Instructions for the task: All of the data below should be set down again verbatim, without any images.

Supplied data:
━━━━━━━━━━━━━━━━
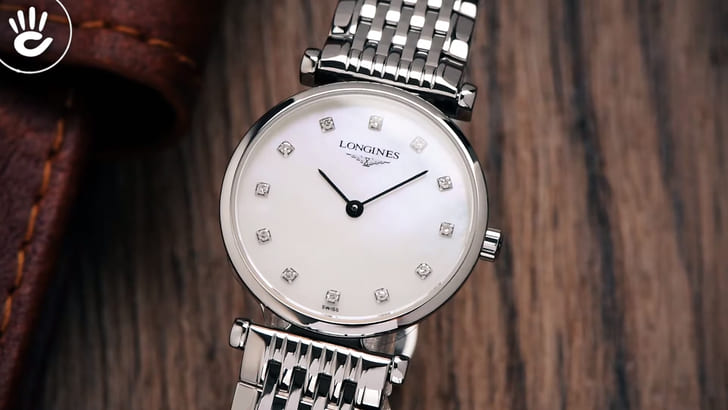 Đồng hồ Longines L4.209.4.87.6 bộ máy Thuỵ Sỹ cao cấp - Ảnh 2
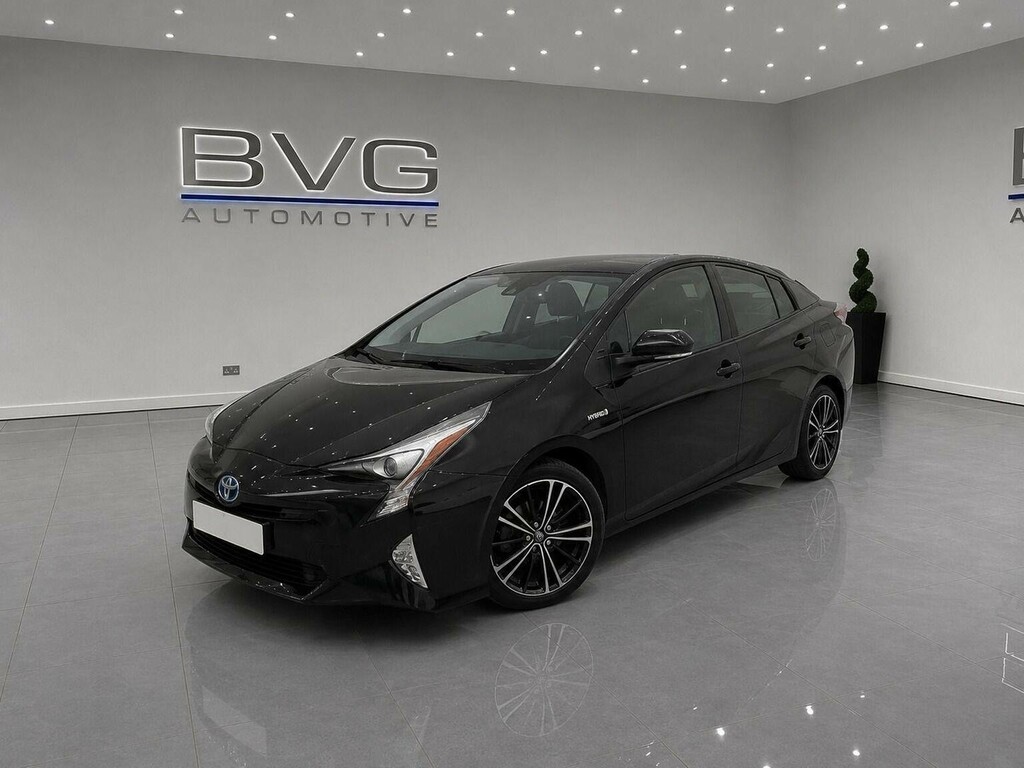 Toyota Prius+ 1.8 Vvt-h Business Edition Plus Cvt Euro 6 Ss 5 Black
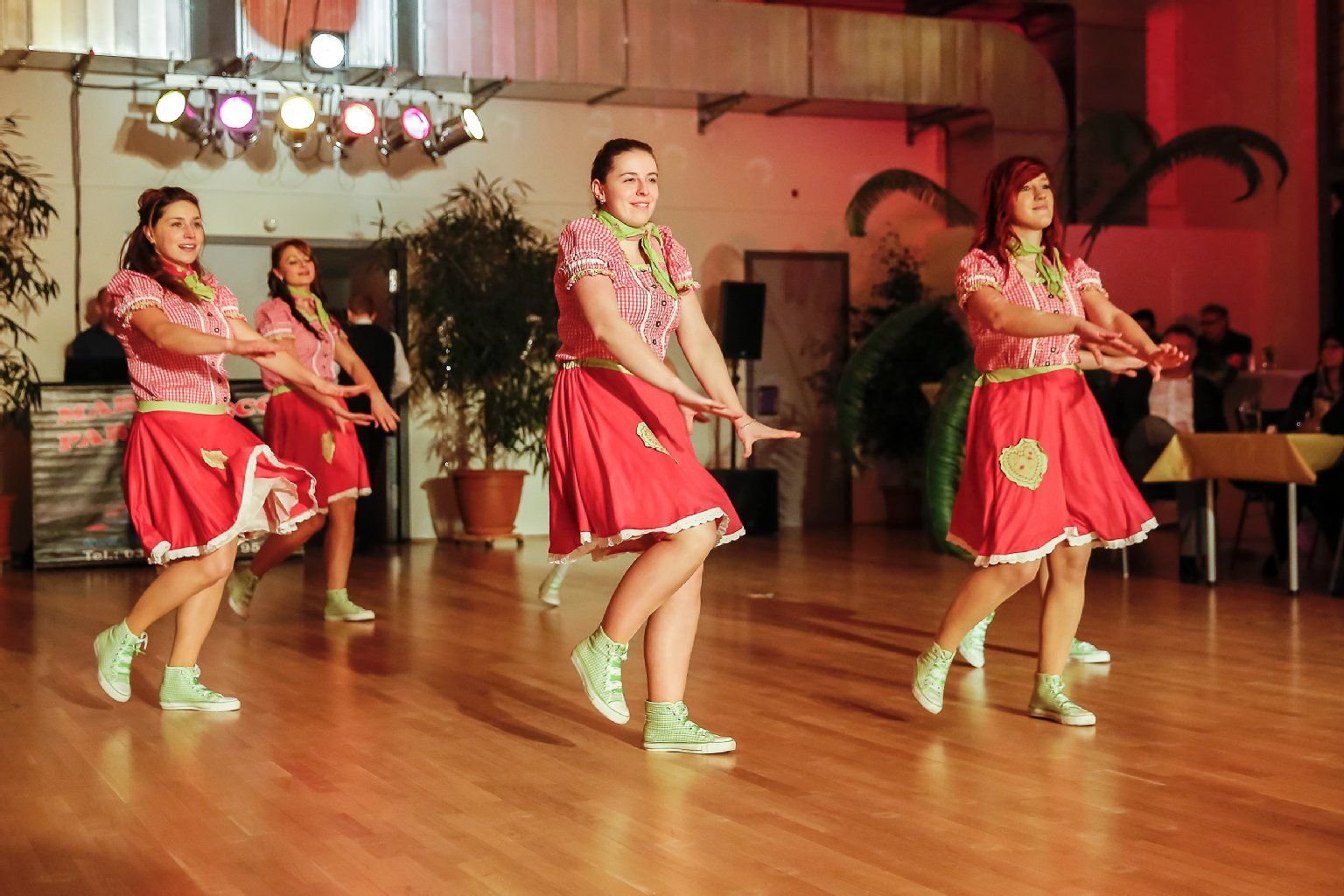 Silvesterfeier in den Klinkerhallen
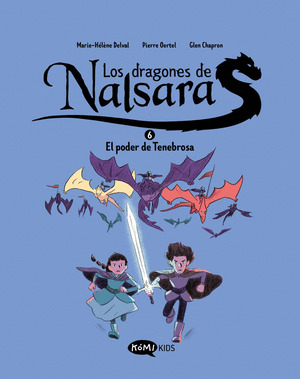 PODER DE TENEBROSA, EL (LOS DRAGONES DE NALSARA 6)
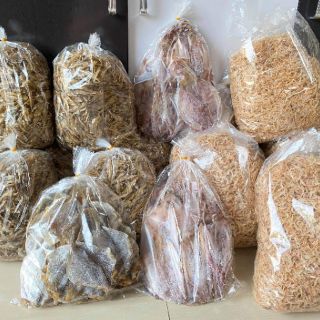 Cá ruội khô (cá cơm)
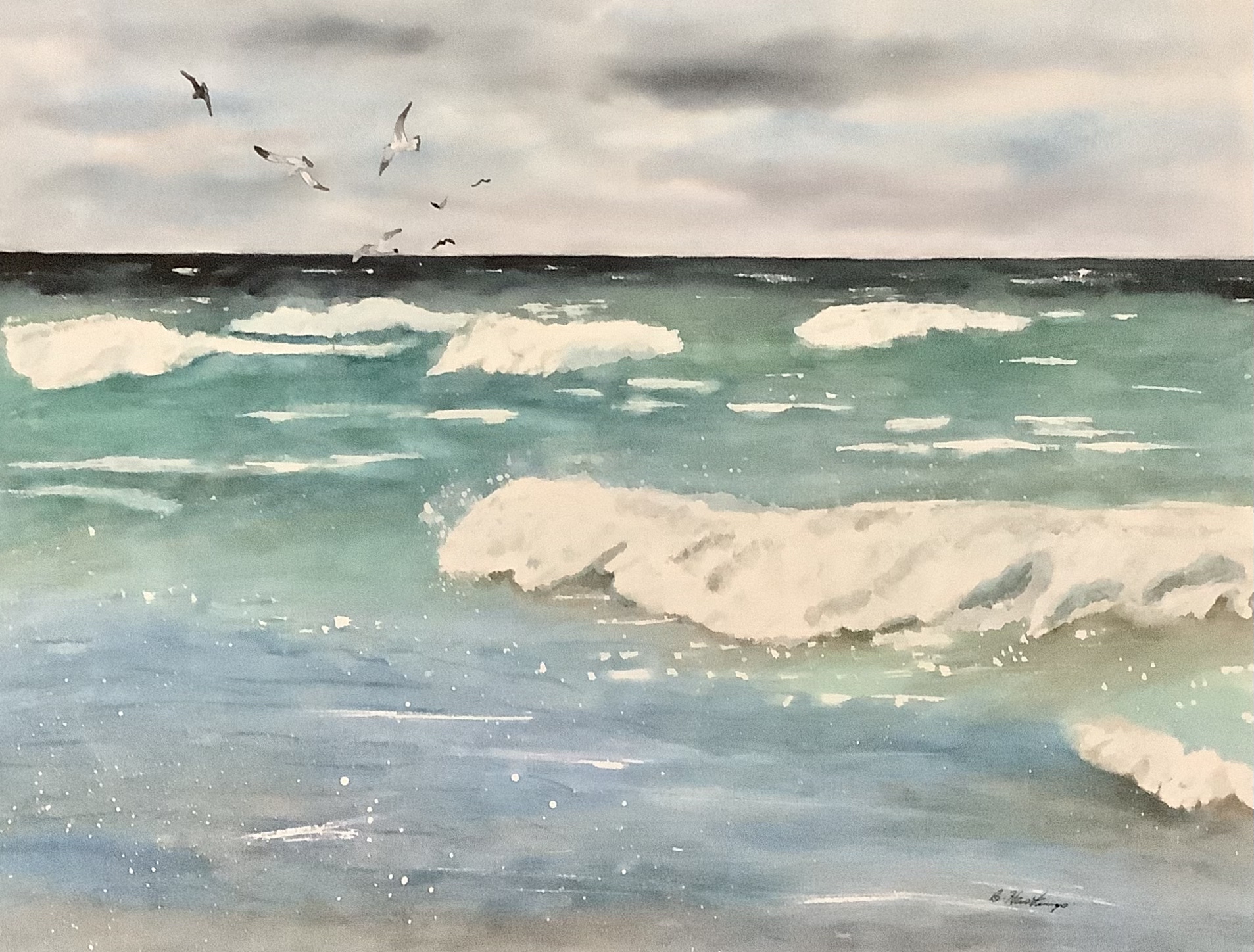 Clear My Mind by Bonnie Hastings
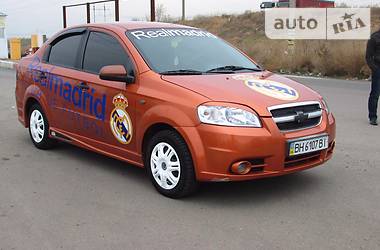 Седан Chevrolet Aveo 2007 в Одессе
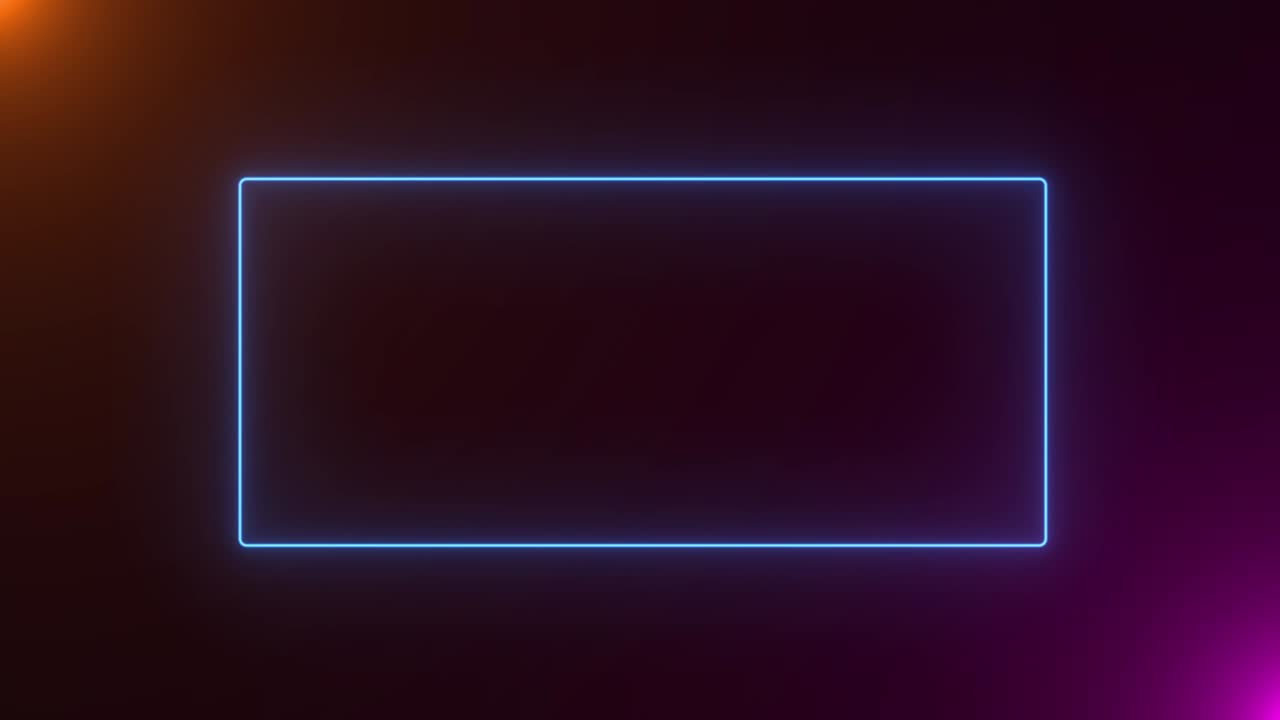 4k абстрактный неоновый блеск цвет движущийся бесшовный художественный цикл фон абстрактный экран движения фон анимационные формы коробки. цикл линии красочный дизайн, цикл анимации.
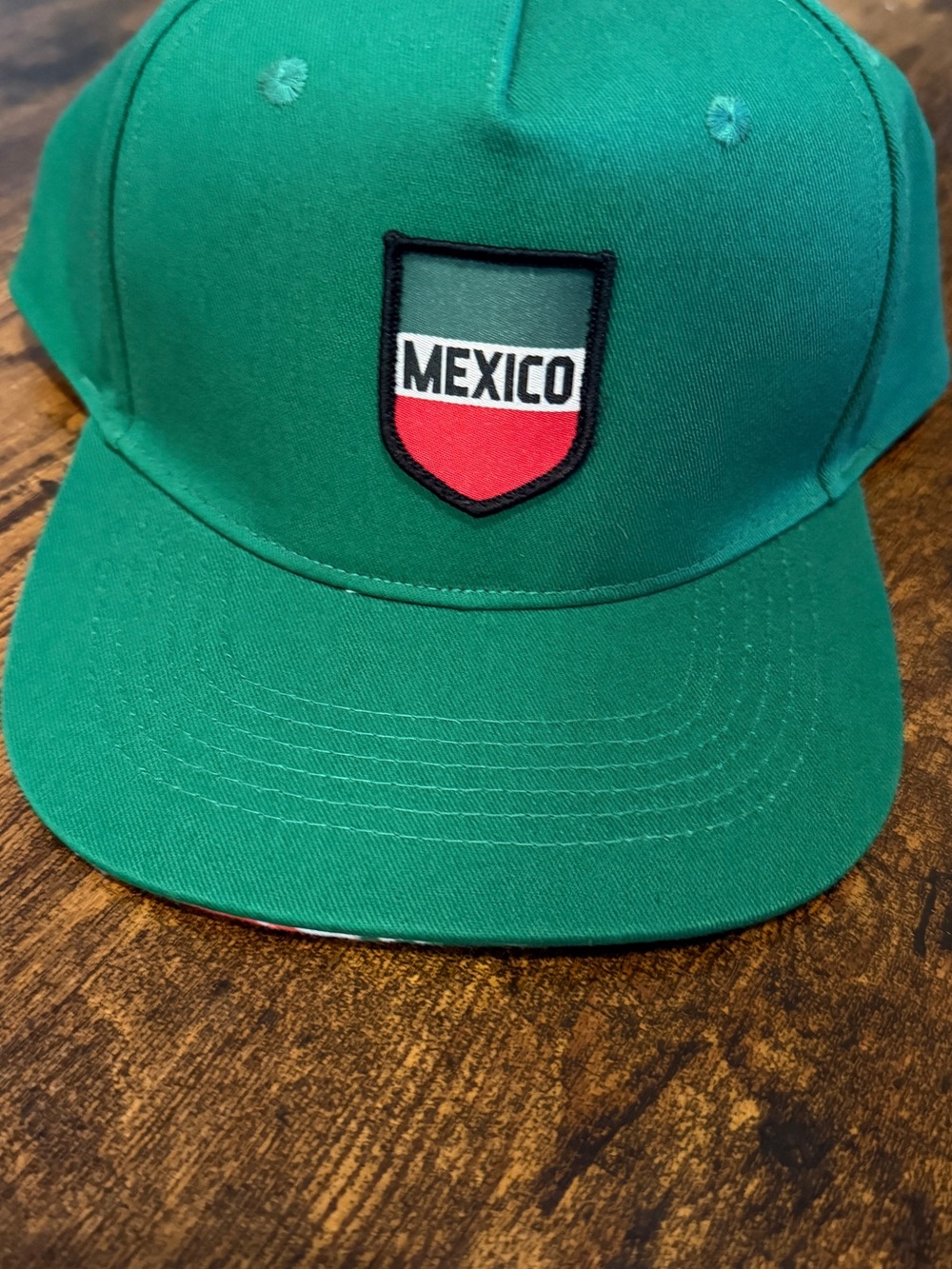 Umbro Green Mexico Embroidered Baseball Hat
━━━━━━━━━━━━━━━━
Result of the task:
 Đồng hồ Longines L4.209.4.87.6 bộ máy Thuỵ Sỹ cao cấp - Ảnh 2
 Toyota Prius+ 1.8 Vvt-h Business Edition Plus Cvt Euro 6 Ss 5 Black
 Silvesterfeier in den Klinkerhallen
 PODER DE TENEBROSA, EL (LOS DRAGONES DE NALSARA 6)
 Cá ruội khô (cá cơm)
 Clear My Mind by Bonnie Hastings
 Седан Chevrolet Aveo 2007 в Одессе
 4k абстрактный неоновый блеск цвет движущийся бесшовный художественный цикл фон абстрактный экран движения фон анимационные формы коробки. цикл линии красочный дизайн, цикл анимации.
 Umbro Green Mexico Embroidered Baseball Hat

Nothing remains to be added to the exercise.